Mısır’daki vahşi katliamı nefretle kınıyoruz! Askeri-sivil hükümet defol!

Mısır’da Temmuz ayında iktidara gelen yeni diktatörlüğün askerleri ve polisleri tarafından bir katliam gerçekleştirildi. İslamcı eski devlet başkanı Muhammed Mursi’yi destekleyen göstericilerin kamp alanlarının vahşice tahliye edilmesi sonucunda, 600’den fazla kişi hayatını kaybetti ve binlerce kişi yaralandı. Bunlar bizlere ulaşan ilk rakamlar, fakat ölü ve yaralı sayısı çok daha yüksek olabilir.

14 Ağustos, ülke tarihinin en kanlı günüydü. Askeri-sivil hükümet tarafından emredilen ve yürütülen vahşi baskı, yalnızca başkent Kahire’de değil, aynı zamanda birçok şehirde cereyan etti.

3 Temmuz’daki darbeden itibaren, eski devlet başkanı Mursi’nin destekçileri, Müslüman Kardeşler’in öncülüğünde kesintisiz biçimde kitlesel seferberlikler düzenledi, Mursi’nin özgürlüğü ve yeniden devlet başkanı olarak tanınması için çeşitli meydanlara kamp alanları kurdu. Ordu birçok kez bu seferberlikleri bastırdı ve son olarak 14 Ağustos Çarşamba günü başta Adeviye Meydanı’na dönük olmak üzere, Kahire’nin çeşitli mahallelerindeki ve diğer şehirlerdeki kamp alanlarına yönelik olarak vahşi bir saldırı başlattı.

Ordunun keskin nişancılarının müdahalesini açıkça gösterir biçimde, ölenlerin çoğu başından ve göğsünden vurulmuştu. Müslüman Kardeşler’in sözcüsü Muhammed El Beltagi, “Adeviye Meydanı’nda göstericilere her taraftan kurşun yağıyor” şeklinde açıklama yaptı. Beltagi de daha sonra Meydan’a yakın bir bölgede polis tarafından tutuklandı. Müdahale sırasında öldürülenler arasında Gulf News’un bir gazetecisi ile Sky News kanalının kameramanı da vardı.

Katliamın ardından hükümet, durumu kontrol altına alabilmek ve yeni seferberliklerin önüne geçmek için bir ay boyunca olağanüstü hal ilan etti ve Kahire ve 10 bölgede (Giza, İskenderiye, Beni Süveyf, Minya, Asyut, Sohag, Kuzey ve Güney Sina ve Süveyş) sokağa çıkma yasağı uygulamaya başladı.

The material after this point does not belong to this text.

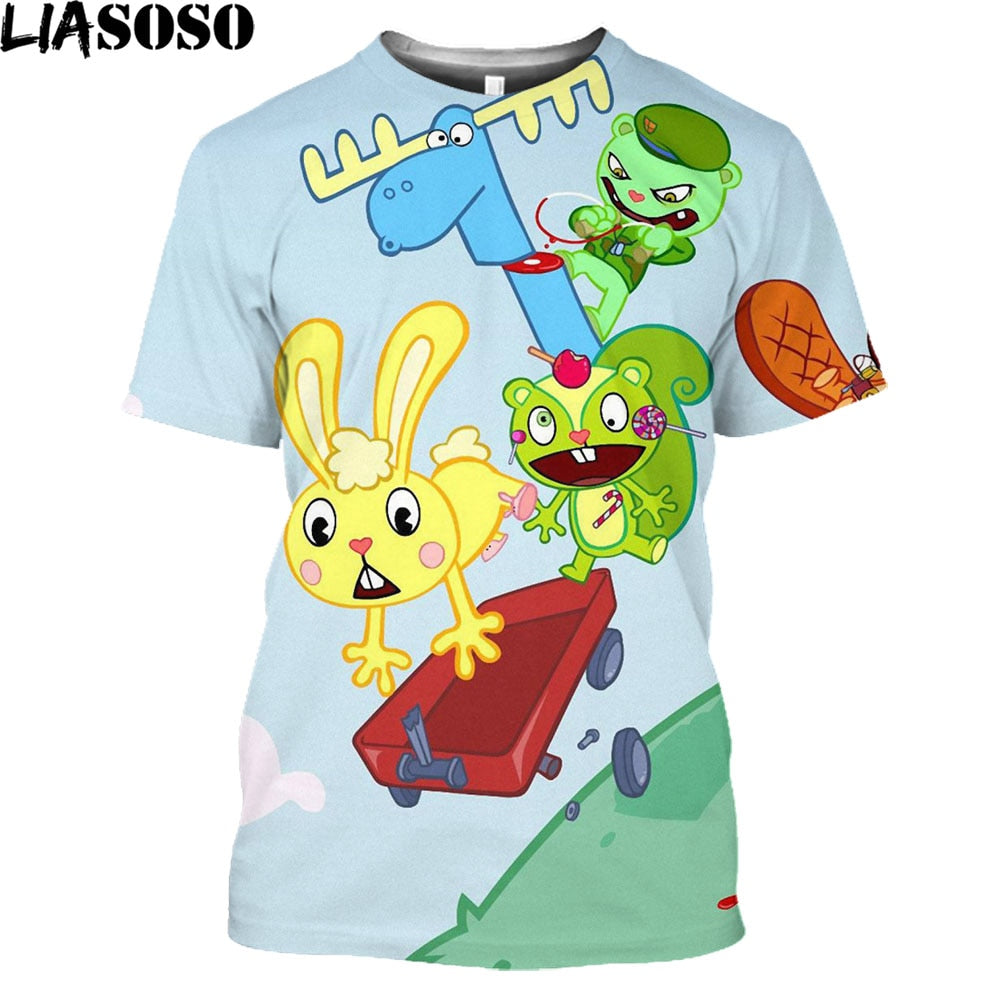 Anime Happy Tree Friends Men/Women New Fashion Cool 3D Printed T-shirts Trendy Leisure Tshirt Streetwear Tops Drop Shipping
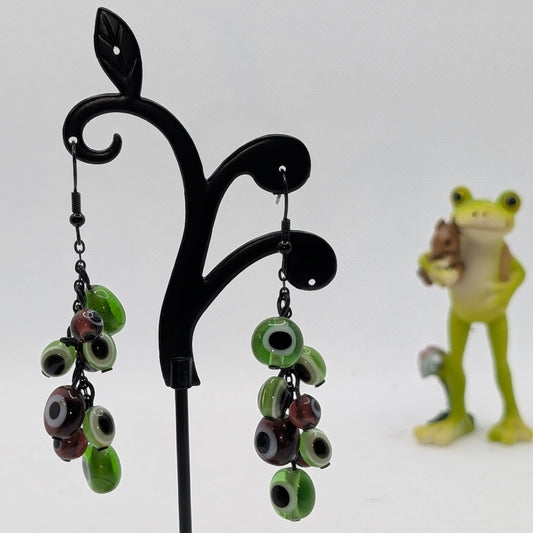✨Googlyvine✨| Green & Purple “Eye” Vine Cascade Earrings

Dünya halkları bu katliamı reddetmeli

Obama hükümeti ikiyüzlülükle şiddeti “telin” etti, ama daha başından itibaren askeri darbeyi reddetmekten uzak durdu ve Mısır ordusuna yılda 1,55 milyar dolar askeri “yardım” yollamayı sürdürdü. Bundan amacı, Mısır ordusunun Filistin halkına karşı İsrail ile gerçekleştirdiği “barışa” olan desteğinin faturasını ödemeye devam edeceğini göstermekti. Bu nedenle de, Temmuz darbesinin ardından Mısır ordusu ve hükümeti Gazze ile olan sınırlarını kapattı.

Arap ve dünya halklarının bu katliamları durdurmak ve Mısır’da kurulmuş olan yeni diktatörlüğe son vermek için sokaklara çıkması gerekmektedir.

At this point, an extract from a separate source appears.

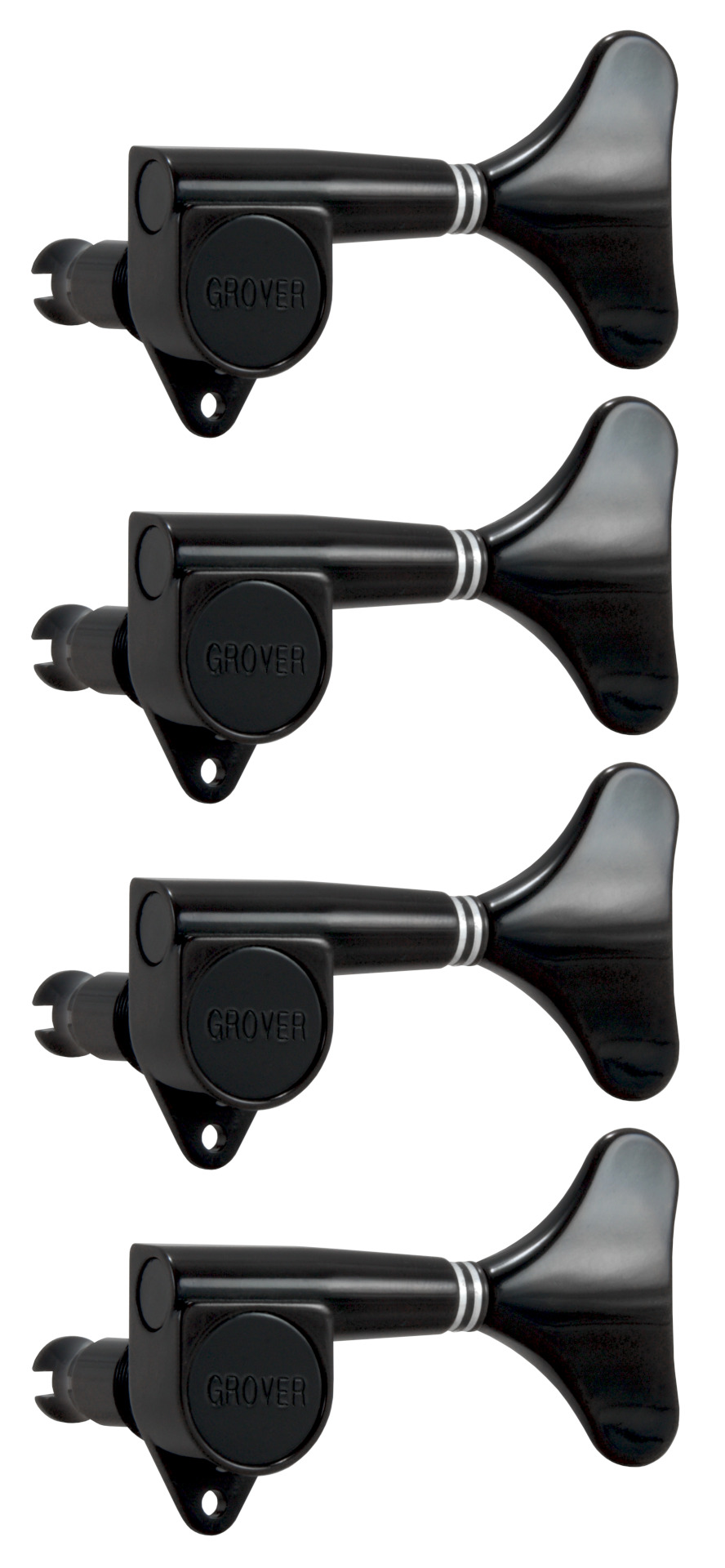 Grover 144BC4 Mini Bass Machines - Bass Machine Heads, 4-in-Line, Bass Side (Left) - Black Chrome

Başta Mursi’nin eski Savunma Bakanı olan eli kanlı zalim general Abdel Fatah al Sisi olmak üzere, bugün Mısır’da gerçek iktidarı elinde bulunduran askerler, iktidarı bir darbeyle ele geçirebilmek için, Temmuz’da Mursi ve Müslüman Kardeşler (MK) hükümetine karşı yükselen ve Tahrir Meydanı’nda toplanan milyonların seferberliğiyle gelişen gerçek halk ayaklanmasından yararlanmışlardır.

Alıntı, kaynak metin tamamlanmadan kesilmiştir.